Once across the river I walked westwards down to Weir Brake Lock and the little island in the middle of the Avon, where I spent some time before walking back again. I didn’t have the best morning with the camera, despite dozens of subjects presenting themselves, and I found myself cursing the fact that I’d only brought the big gear with me, when the macro would probably have been more useful. Nonetheless I had a very enjoyable walk, and again I was happy to find that other people on the towpath all seemed to be very conscious of social distancing, which made the experience quite stress-free.

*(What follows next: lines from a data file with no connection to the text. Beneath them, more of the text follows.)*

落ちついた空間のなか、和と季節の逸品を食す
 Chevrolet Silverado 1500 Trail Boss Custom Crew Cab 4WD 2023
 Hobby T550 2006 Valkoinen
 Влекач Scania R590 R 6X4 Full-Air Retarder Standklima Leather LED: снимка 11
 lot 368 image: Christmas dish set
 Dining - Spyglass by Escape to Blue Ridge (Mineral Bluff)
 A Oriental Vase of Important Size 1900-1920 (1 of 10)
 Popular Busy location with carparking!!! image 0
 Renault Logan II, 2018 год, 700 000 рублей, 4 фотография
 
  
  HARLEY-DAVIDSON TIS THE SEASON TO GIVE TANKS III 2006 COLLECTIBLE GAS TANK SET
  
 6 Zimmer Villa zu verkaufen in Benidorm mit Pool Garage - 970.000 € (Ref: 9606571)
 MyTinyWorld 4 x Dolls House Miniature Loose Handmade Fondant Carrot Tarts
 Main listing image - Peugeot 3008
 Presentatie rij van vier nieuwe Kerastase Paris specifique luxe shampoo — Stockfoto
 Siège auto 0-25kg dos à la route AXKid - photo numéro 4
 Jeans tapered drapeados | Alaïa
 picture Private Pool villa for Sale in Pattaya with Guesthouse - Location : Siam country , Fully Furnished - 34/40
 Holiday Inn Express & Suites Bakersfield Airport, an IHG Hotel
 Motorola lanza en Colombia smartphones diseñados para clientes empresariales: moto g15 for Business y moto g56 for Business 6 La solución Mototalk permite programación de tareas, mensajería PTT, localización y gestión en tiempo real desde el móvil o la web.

Of the various Odonata I saw this morning, my favourites were the Banded Demoiselles; but the least expected and therefore most notable were a couple of White-legged Damselflies, one of which is my extra tonight. The British Dragonfly Society is currently surveying this species, the numbers of which appear to fluctuate quite widely; it’s said to prefer slow-flowing and even muddy or brackish water, but it’s very susceptible to pollution and to over-grazing or cutting of bankside vegetation, and seems to have disappeared from some of its former strongholds in the south of England. I suspect they’ll find that it has simply moved on to other sites that suit it better, because I spot it quite regularly in places I’ve never seen it before; certainly this is the first time I’ve ever recorded it at Stratford.
I fully expected that either the White-legged Damselfly or one of the Demoiselles would feature in my blog tonight, but while I was making a quick survey of the garden this afternoon I happened across this 7-spot ladybird, and when I was going through my images this evening I found that this was the one I kept going back to. I’ve always found ladybirds quite tricky to photograph, mainly because they’re rarely still, but this one sat stolidly as I homed in with the macro, and let me right in to the point at which I could record its sweet little moustache. I’d love you to look at it full-screen, if you have the time.